In the context of the DEEP project, whole genome bisulfite sequencing and NOMe-seq data have been generated for multiple stages during the process of memory formation in human CD4+ T cells (Durek et al., 2016). The data was anlyzed in RnBeads. The results show a progressive loss of DNA methylation during memory formation, particularly in putative regulatory regions of the genome. Two technologies (WGBS and NOMe-seq) were employed to assess CpG methylation levels. Overall, the agreement between both methods is high.
Combined cohort of two studies: (1) 732 whole blood samples from an age study by Johansson et al., and (2) 60 samples from isolated cell types, peripheral blood and whole blood from cell type composition study by Reinius et al. The IDAT files and sample annotations are obtained from the Gene Expression Omnibus, data series GSE87571 and GSE35069.

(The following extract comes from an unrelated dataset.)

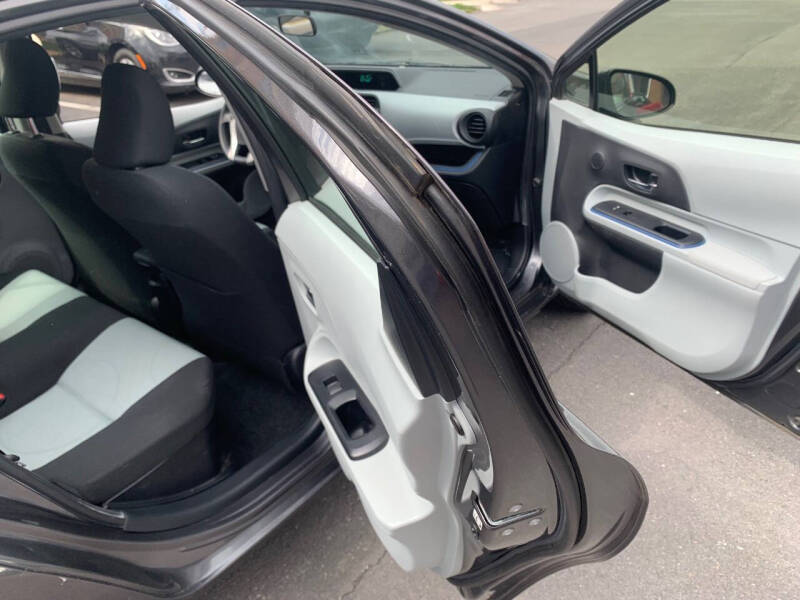 2012 Toyota Prius c Two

The final release of the BLUEPRINT project contained whole genome bisulfite sequencing profiles for healthy and malignant blood cell types. The RnBeads analysis of 195 samples identified cell-type-specific variability in methylation patterns and indicated epigenetic similarity between cell types that share a common differentiation history.
This analysis focuses on DNA methylation associated with Ewing Sarcoma, a bone cancer primarily affecting children and young adults. In addition to Ewing tissue samples, healthy Mesenchymal Stem Cells (MSCs), MSCs affected with Ewing sarcoma and Ewing Cell Lines are part of the data set (Sheffield et al., 2017). Using RnBeads' differential methylation module, only few differences between the groups could be detected. However, higher methylation variability was detected in normal MSCs vs. MSCs affected with Ewing Sarcoma, contradicting the assumption that Ewing Sarcoma increases heterogeneity among individual samples.
Pidsley et al. performed a critical evaluation of the EPIC array using a selection of of prostate cancer samples, healthy control tissues and prostate cell lines (GEO: GSE86831). They compared the results of profiling with EPIC array to the predecessor array version, Infinium 450k, as well as whole-genome methylomes of similar samples. Using the recently extended RnBSet merging functionality we processed all these data jointly in one RnBeads analysis. The results showed that, although there are clear technical differences between the methylation values obtained with the three platforms, biological variability could still break through the platform-specific biases. Combined differential methylation analysis in mixed groups of samples measured with different platforms often lead to meaningful functional annotation enrichments.